5. Make a ring-around
For this exercise I’m going to assume that you are using a film (and developer) with some regularity, and that you have a pretty well-established development regime.
You will need to shoot three rolls of film. Firstly, shoot your typical subjects at ‘box speed’ (i.e. the ISO as stated on the film box). For example, if you are shooting HP5+, you would go with 400. It does help to have one or two test subjects (e.g. a given room with consistent lighting) that will provide a reference point across the films.
Next, you shoot more of your typical subjects (re-do that test subject too) but this time at a stop under and a stop over that box speed. You might simply want to change the ISO on your camera, so that you can simply get on with shooting. Therefore, in my 400 speed example, I would shoot some frames at 800 and some at 200. It takes some discipline, but it’s really worth making note of all your exposures as you do this exercise.
When the films are finished you then develop them in the following way. For the first you follow the manufacturer’s guidelines for the developer in question. Opening up my box of HP5+ I find a handy chart which will tell me the time with the developer I'm using. For the next film you add 20 percent to the development time, so as to ‘over-develop’ the film. You may have guessed that for the remaining film you are going to reduce the original manufacturer’s time by 20 percent. This will give you ‘under-development’.

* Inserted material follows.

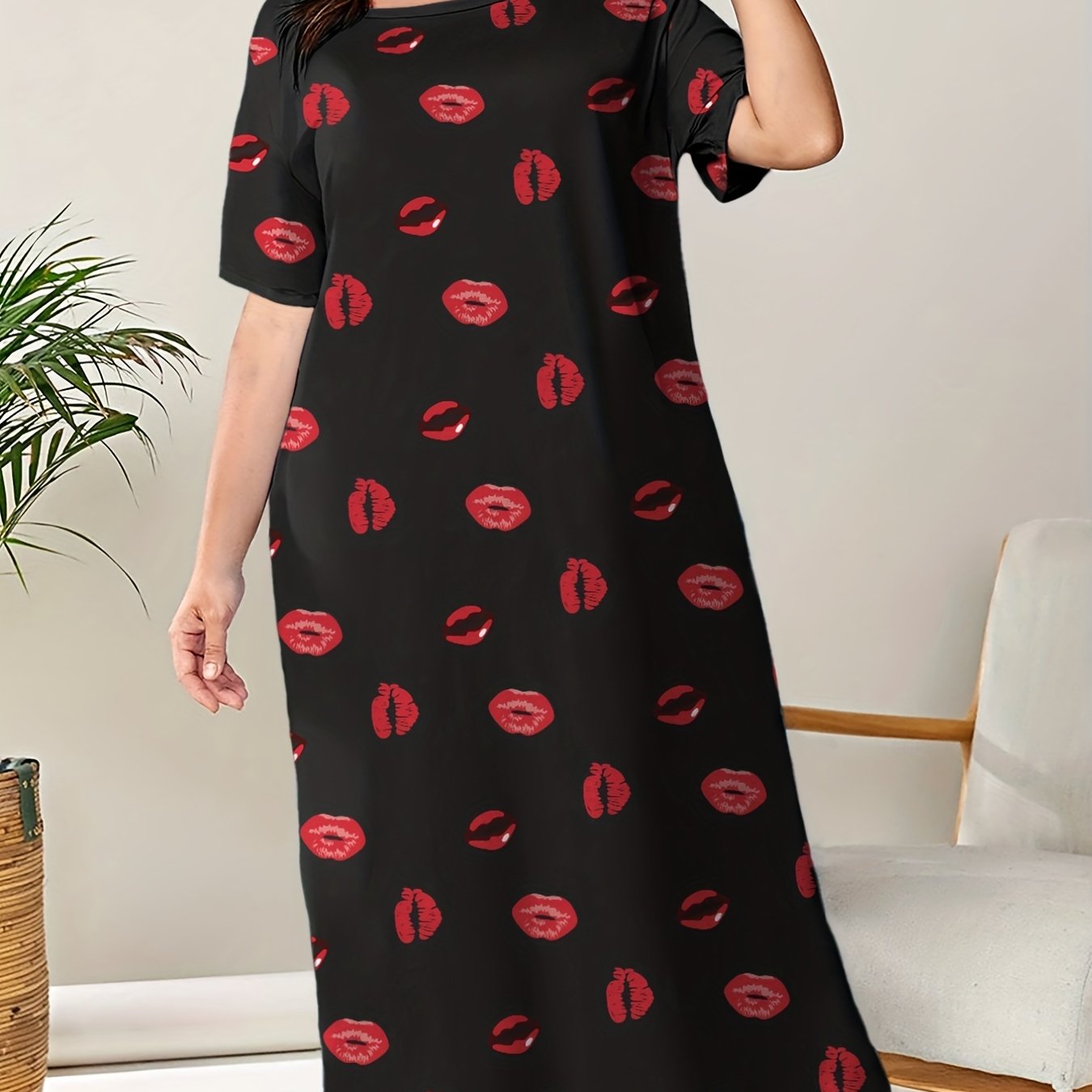 Kiss Print Short Sleeve Nightdress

When you are done developing you make a contact print of the results, in your usual manner. In the following image you can see just such a contact print, here showing the ‘normal’ development, and what is labelled +1 and -1, meaning our +20 and -20 percent. I have asked you to do a lot of hard work so far, but already you have a lot of really interesting information. Do you prefer the manufacturer’s development time, or the over- or under-developed version?